Work request
Exact wording is required for every entry; transcribe all of them and leave the images out.
━━━ Exercise inputs
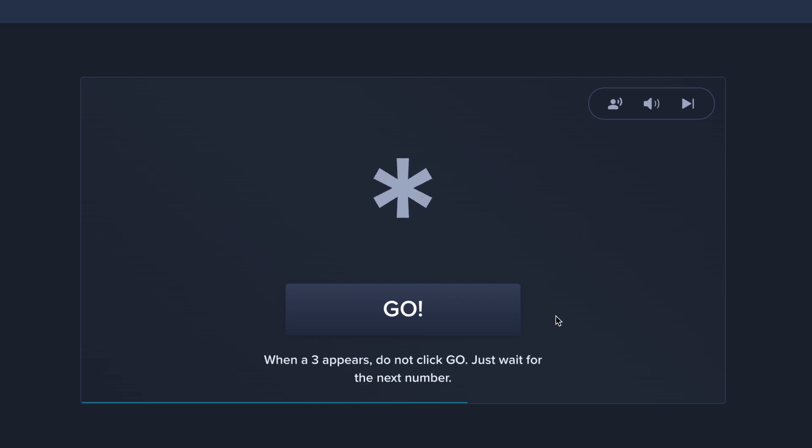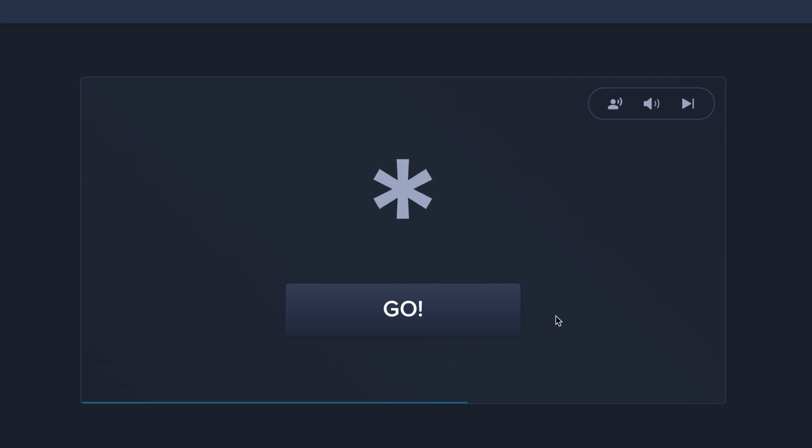When a 3 appears, do not click go. Just wait for the next number.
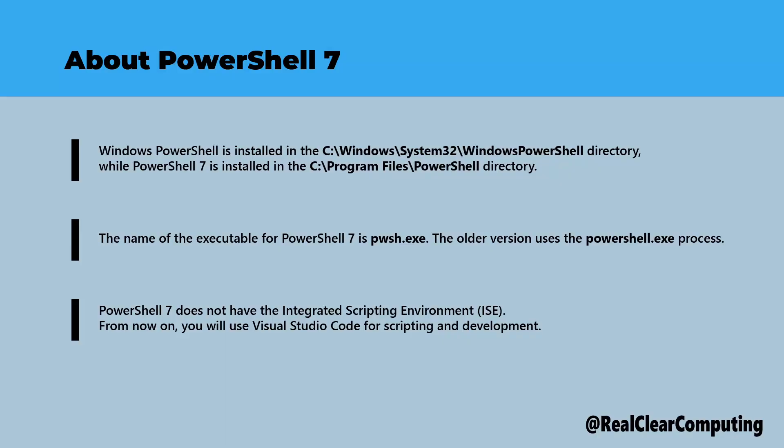It is important to note that PowerShell 7 does not have an integrated scripting environment like the older version. Instead, for scripting and development tasks, you will need to use Visual Studio Code, which works well with PowerShell 7 and offers powerful features.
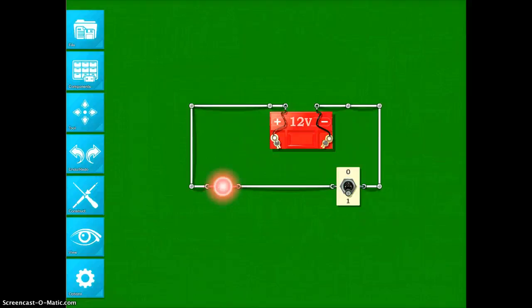It's a really nice app because you do have to troubleshoot just like you would on a real circuit. And it also puts it into everyone's hands fairly inexpensively. Sometimes circuit kits can be fairly expensive. This is a way that students can test and play with it for $1.99 for your entire classroom.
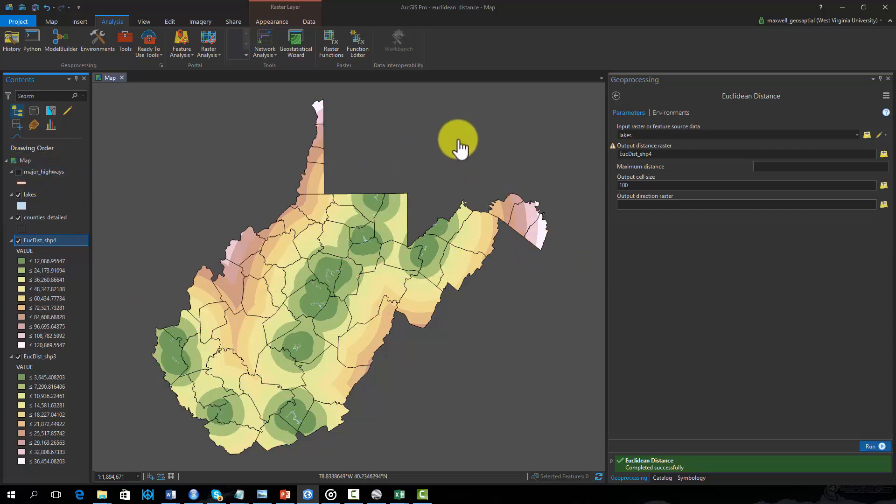As a final note, when calculating Euclidean distance, it is important to consider whether or not the straight line distance is meaningful in your study. For example, if you are calculating distance between two addresses, distance along the road network could be more valuable. In this case, a vector-based network analysis may be more appropriate. Thank you.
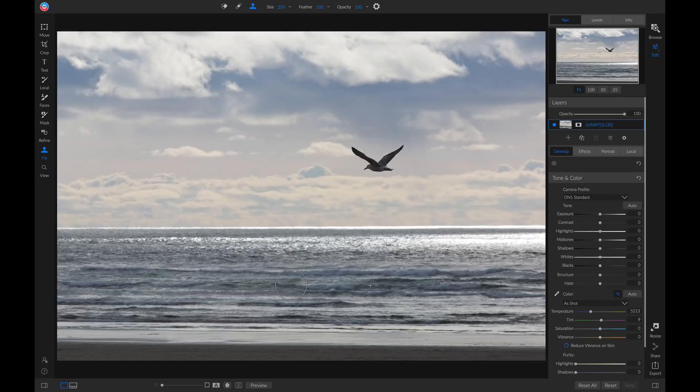You'll see I removed those people really easily. So that's how to remove objects and distractions inside On1 Photo Raw 2019. I'm Dylan with On1, and stay tuned for more.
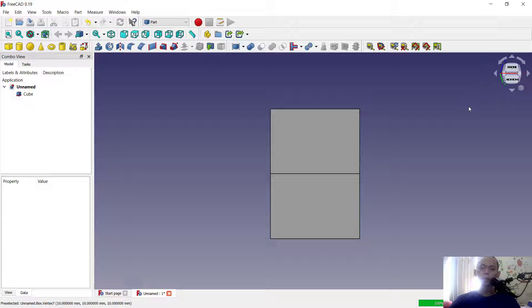Okay, that's it for how to rotate the view in FreeCAD software. If you have any questions about this tutorial, you can comment below this video.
━━━━━━
Result of this exercise
When a 3 appears, do not click go. Just wait for the next number.
It is important to note that PowerShell 7 does not have an integrated scripting environment like the older version. Instead, for scripting and development tasks, you will need to use Visual Studio Code, which works well with PowerShell 7 and offers powerful features.
It's a really nice app because you do have to troubleshoot just like you would on a real circuit. And it also puts it into everyone's hands fairly inexpensively. Sometimes circuit kits can be fairly expensive. This is a way that students can test and play with it for $1.99 for your entire classroom.
As a final note, when calculating Euclidean distance, it is important to consider whether or not the straight line distance is meaningful in your study. For example, if you are calculating distance between two addresses, distance along the road network could be more valuable. In this case, a vector-based network analysis may be more appropriate. Thank you.
You'll see I removed those people really easily. So that's how to remove objects and distractions inside On1 Photo Raw 2019. I'm Dylan with On1, and stay tuned for more.
Okay, that's it for how to rotate the view in FreeCAD software. If you have any questions about this tutorial, you can comment below this video.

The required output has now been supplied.